We were up there and it was neat to see kids wandering around, shooting, carrying, and cleaning AR-15s. They were extremely safe and responsible. More than a few families got a 4-bed hut for their tweens & teens to sleep in, so you’d have four kids all with ARs at essentially a competition-focused summer camp with minimal adult supervision between events. Just as one mental image that shows how we are winning, I walked past two tween/teen girls cleaning ARs and talking about whatever it is tween/teen girls gossip about these days… It wasn’t unusual in the slightest for them to be hanging out while handling ***OMG GASP ASSAULT WEAPONS***, and I imagine they both shoot better than I do.
And we’ve been doing these competitions for 110 years with no problems, apparently.
Pile on:
Expert rifle (or pistol) marksmanship is like expertise in any other field. Many of the best musicians, for example, started when they were very young.
I met folks from the Army Marksmanship Unit who started shooting as young kids, competing as tweens/young teens, and who are now top-tier athletes in their 20s-30s. After all, they’ve been practicing for 2+ decades by the time they are 30. If we as a collective society want top-tier marksman for international competition, to feed our military training pipeline, or for other purposes then kids need to shoot.
Because these skills form a pyramid where only a few will make it to the peak of achievement, with some having more natural talent and willingness to learn & work, you need a broad base of the pyramid to get a few champions. You don’t get a Yo-Yo Ma unless tons of kids start playing stringed instruments.
The jurisdictions which are destroying their shooting culture, especially their youth culture, make it very difficult to generate top-tier athletes, competitors, soldiers, and instructors. You can’t just take a newly enlisted soldier at the age of 18 who has never touched a rifle before and easily make them a 600 yard squad designated marksman in a single enlistment.

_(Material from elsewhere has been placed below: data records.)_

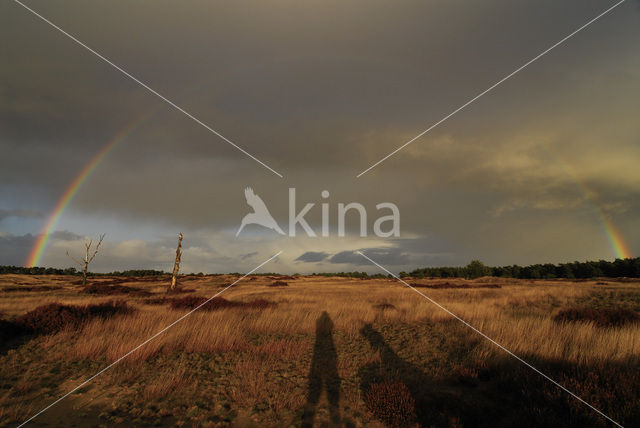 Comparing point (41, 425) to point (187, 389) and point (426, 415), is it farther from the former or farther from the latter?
point (426, 415)

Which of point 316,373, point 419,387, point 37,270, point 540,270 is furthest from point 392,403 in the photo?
point 37,270

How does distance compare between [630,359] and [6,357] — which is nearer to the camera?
[630,359]

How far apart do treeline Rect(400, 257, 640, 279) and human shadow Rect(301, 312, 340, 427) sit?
9114 centimetres

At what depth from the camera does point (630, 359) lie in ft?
21.5

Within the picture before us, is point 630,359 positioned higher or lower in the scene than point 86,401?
higher

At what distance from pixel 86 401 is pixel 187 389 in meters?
1.76

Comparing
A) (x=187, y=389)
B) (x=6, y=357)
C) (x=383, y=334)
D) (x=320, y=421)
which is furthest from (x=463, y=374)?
(x=6, y=357)

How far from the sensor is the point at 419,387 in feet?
20.4

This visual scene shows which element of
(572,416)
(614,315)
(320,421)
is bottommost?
(320,421)

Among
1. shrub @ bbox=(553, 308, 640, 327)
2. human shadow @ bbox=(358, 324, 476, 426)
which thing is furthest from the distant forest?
human shadow @ bbox=(358, 324, 476, 426)

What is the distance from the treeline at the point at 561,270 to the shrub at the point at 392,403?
9267 cm

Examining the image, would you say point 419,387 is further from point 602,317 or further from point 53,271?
point 53,271

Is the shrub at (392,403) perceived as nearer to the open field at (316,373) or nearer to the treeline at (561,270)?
the open field at (316,373)

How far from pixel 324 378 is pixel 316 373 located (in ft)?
1.24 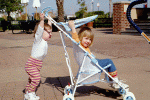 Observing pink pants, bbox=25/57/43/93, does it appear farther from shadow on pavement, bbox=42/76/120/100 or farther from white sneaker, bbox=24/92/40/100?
shadow on pavement, bbox=42/76/120/100

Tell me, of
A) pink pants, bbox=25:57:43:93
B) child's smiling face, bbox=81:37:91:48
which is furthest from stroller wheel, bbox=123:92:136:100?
pink pants, bbox=25:57:43:93

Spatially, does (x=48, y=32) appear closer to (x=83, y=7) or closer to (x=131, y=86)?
(x=131, y=86)

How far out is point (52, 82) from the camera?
4840 mm

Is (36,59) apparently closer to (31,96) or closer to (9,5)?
(31,96)

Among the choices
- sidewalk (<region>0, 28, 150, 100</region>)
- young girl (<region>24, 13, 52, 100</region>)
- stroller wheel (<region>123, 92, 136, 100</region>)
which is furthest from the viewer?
sidewalk (<region>0, 28, 150, 100</region>)

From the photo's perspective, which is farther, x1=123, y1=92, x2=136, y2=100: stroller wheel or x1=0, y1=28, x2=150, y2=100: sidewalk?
x1=0, y1=28, x2=150, y2=100: sidewalk

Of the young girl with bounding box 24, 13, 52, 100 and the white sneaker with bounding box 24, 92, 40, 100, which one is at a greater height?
the young girl with bounding box 24, 13, 52, 100

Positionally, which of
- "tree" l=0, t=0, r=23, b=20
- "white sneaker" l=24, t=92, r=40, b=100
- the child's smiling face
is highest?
"tree" l=0, t=0, r=23, b=20

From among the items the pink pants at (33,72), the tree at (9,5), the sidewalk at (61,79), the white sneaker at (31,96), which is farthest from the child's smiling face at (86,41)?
the tree at (9,5)

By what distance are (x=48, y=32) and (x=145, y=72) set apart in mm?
2747

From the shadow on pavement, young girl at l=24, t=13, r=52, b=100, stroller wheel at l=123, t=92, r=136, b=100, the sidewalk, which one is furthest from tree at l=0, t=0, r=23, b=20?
stroller wheel at l=123, t=92, r=136, b=100

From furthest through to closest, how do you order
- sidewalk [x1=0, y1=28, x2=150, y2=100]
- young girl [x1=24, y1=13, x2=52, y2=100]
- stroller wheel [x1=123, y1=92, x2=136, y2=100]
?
sidewalk [x1=0, y1=28, x2=150, y2=100] < young girl [x1=24, y1=13, x2=52, y2=100] < stroller wheel [x1=123, y1=92, x2=136, y2=100]

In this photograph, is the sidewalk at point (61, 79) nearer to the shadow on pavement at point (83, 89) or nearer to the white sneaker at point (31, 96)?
the shadow on pavement at point (83, 89)

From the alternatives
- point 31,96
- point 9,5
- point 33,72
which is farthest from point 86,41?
point 9,5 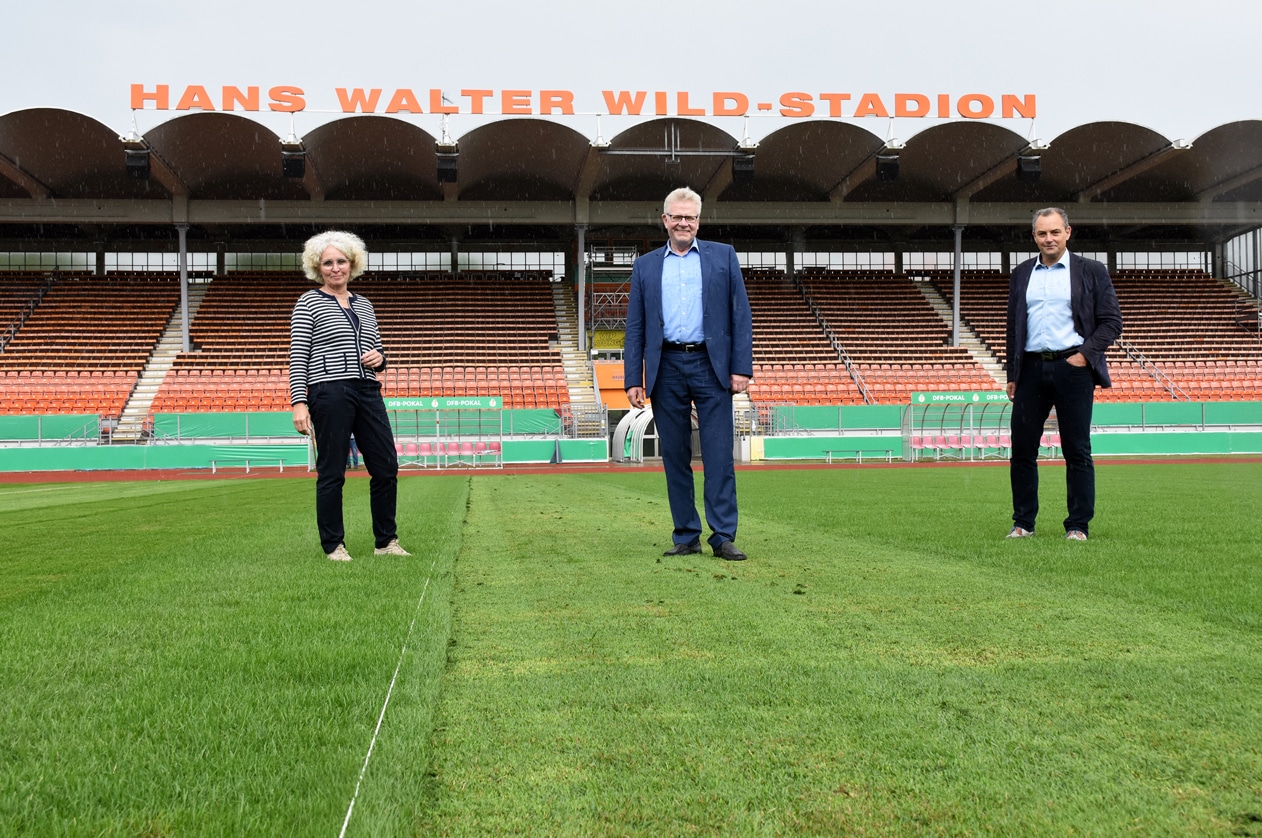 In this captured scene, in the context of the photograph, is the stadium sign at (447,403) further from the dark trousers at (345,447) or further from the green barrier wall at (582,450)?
the dark trousers at (345,447)

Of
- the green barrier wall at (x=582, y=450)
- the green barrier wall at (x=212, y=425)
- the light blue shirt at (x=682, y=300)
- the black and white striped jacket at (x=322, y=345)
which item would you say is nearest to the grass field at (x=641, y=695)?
the black and white striped jacket at (x=322, y=345)

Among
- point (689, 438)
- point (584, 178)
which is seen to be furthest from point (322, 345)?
point (584, 178)

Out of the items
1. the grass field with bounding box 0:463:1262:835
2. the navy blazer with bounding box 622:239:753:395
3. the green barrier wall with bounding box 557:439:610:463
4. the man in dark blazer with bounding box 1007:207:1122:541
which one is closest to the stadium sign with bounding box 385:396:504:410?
the green barrier wall with bounding box 557:439:610:463

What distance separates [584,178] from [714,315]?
3005 cm

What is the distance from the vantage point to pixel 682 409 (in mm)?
5434

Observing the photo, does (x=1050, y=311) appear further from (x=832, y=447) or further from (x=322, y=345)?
(x=832, y=447)

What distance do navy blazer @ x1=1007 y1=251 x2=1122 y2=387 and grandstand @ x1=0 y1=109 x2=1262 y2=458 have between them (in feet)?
70.2

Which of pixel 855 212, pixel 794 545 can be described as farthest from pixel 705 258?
pixel 855 212

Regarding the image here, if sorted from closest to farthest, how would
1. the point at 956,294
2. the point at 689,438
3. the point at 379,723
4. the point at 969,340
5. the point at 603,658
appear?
the point at 379,723
the point at 603,658
the point at 689,438
the point at 956,294
the point at 969,340

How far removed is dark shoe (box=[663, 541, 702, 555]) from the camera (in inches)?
199

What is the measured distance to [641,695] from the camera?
88.7 inches

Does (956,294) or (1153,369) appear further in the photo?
(956,294)

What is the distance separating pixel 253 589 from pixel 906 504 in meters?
6.00

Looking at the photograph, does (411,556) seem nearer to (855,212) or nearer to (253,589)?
(253,589) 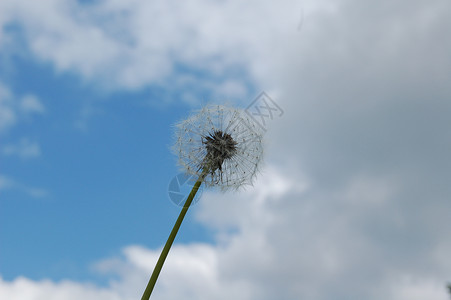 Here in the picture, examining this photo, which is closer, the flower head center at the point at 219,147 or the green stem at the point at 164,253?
the green stem at the point at 164,253

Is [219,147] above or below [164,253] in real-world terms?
above

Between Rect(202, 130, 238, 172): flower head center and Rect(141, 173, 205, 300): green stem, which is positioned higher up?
Rect(202, 130, 238, 172): flower head center

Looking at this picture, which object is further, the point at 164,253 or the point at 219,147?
the point at 219,147

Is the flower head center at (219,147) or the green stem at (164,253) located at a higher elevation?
the flower head center at (219,147)

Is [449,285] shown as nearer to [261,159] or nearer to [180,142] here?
[261,159]

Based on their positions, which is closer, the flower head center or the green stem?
the green stem

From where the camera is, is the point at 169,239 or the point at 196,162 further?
the point at 196,162

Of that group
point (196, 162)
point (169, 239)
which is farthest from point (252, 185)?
point (169, 239)

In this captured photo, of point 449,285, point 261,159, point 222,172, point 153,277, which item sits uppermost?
point 449,285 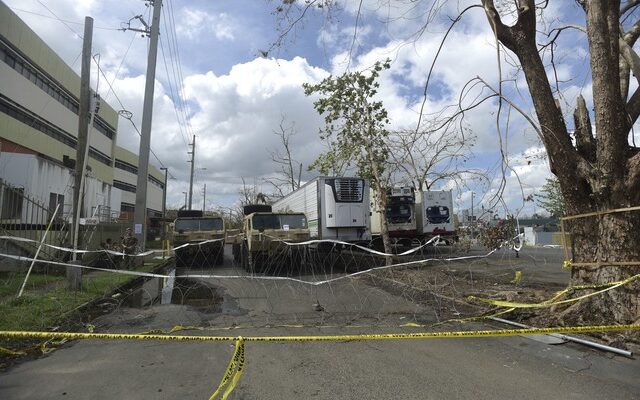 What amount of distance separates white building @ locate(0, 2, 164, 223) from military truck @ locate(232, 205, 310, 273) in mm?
6697

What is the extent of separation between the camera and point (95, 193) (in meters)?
24.1

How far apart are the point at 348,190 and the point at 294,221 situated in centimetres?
296

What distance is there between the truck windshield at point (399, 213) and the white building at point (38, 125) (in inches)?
582

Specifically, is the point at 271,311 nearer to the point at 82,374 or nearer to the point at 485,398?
the point at 82,374

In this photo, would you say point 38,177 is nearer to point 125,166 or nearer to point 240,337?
point 240,337

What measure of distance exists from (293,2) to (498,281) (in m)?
9.25

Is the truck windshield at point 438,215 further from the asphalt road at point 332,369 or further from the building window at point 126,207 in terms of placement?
the building window at point 126,207

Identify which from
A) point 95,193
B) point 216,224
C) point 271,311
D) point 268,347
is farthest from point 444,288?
point 95,193

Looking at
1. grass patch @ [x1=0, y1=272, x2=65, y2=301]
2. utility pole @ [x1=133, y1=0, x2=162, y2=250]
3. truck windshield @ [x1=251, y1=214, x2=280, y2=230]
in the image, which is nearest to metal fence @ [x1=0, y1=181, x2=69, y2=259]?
grass patch @ [x1=0, y1=272, x2=65, y2=301]

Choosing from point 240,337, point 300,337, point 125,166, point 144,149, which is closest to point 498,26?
point 300,337

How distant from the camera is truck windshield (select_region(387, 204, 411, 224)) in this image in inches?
1004

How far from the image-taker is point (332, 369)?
5.44 metres

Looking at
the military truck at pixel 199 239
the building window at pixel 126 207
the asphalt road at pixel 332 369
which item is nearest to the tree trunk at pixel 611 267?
the asphalt road at pixel 332 369

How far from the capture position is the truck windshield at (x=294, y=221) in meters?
17.6
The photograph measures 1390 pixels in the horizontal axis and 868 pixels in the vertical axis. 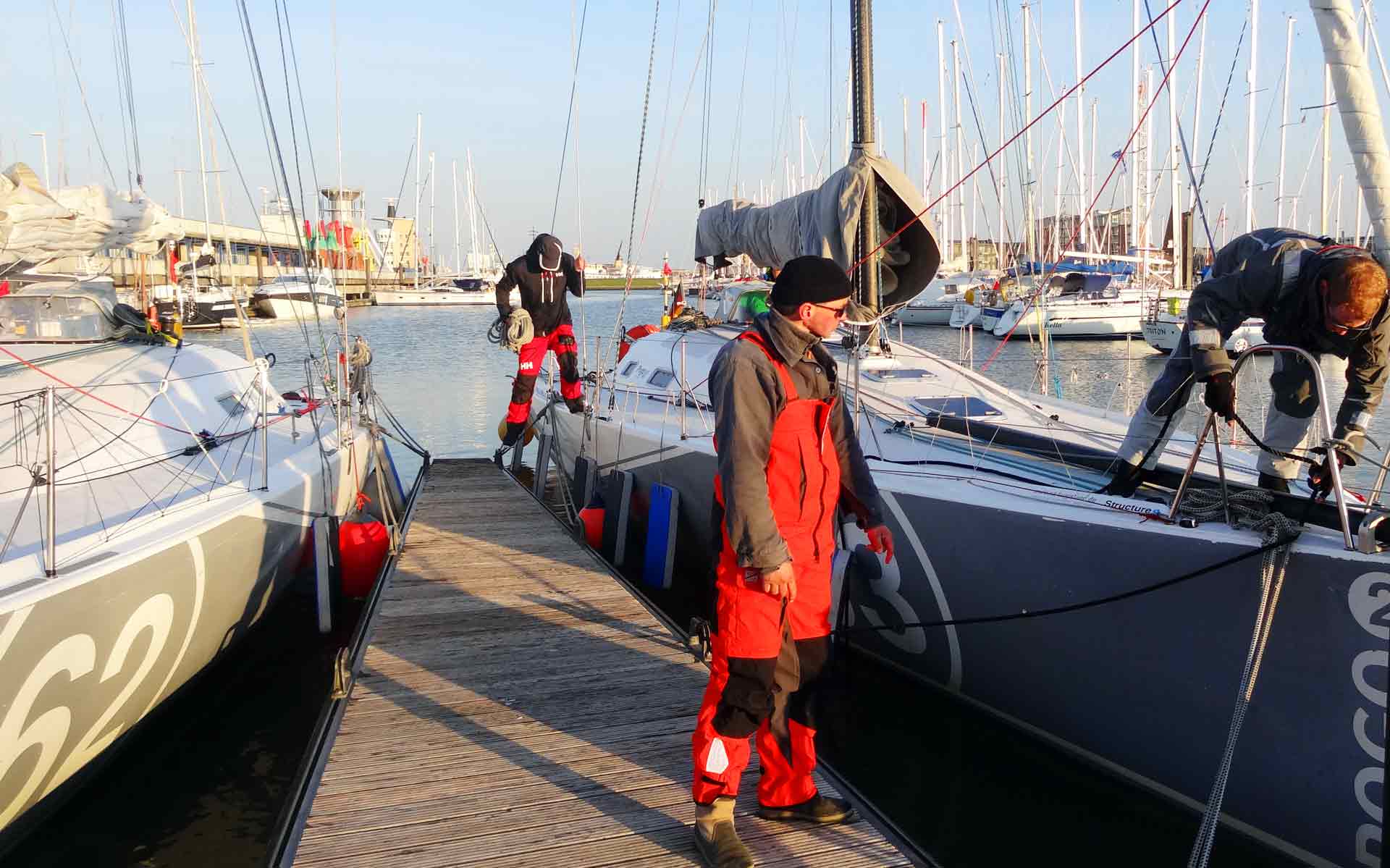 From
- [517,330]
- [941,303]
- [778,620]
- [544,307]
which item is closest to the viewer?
[778,620]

“If our species’ most sophisticated weapon was still the spear, young boys would still be picking up sticks and engaging in play that involved throwing them, probably at each other.”
You didn’t do that? I guess its because Tarzan was still on…. we would throw “spears” and rocks, anything for combat fun!
Then we discovered fireworks! Bottle rocket battles!
“It must be something in the DNA of male children ( or testosterone?).”
That reeks of the old “testosterone poisoning” theory where at the root of all “negative” male traits is the presence of testosterone.
It doesn’t surprise me that Joan subscribes to such hogwash.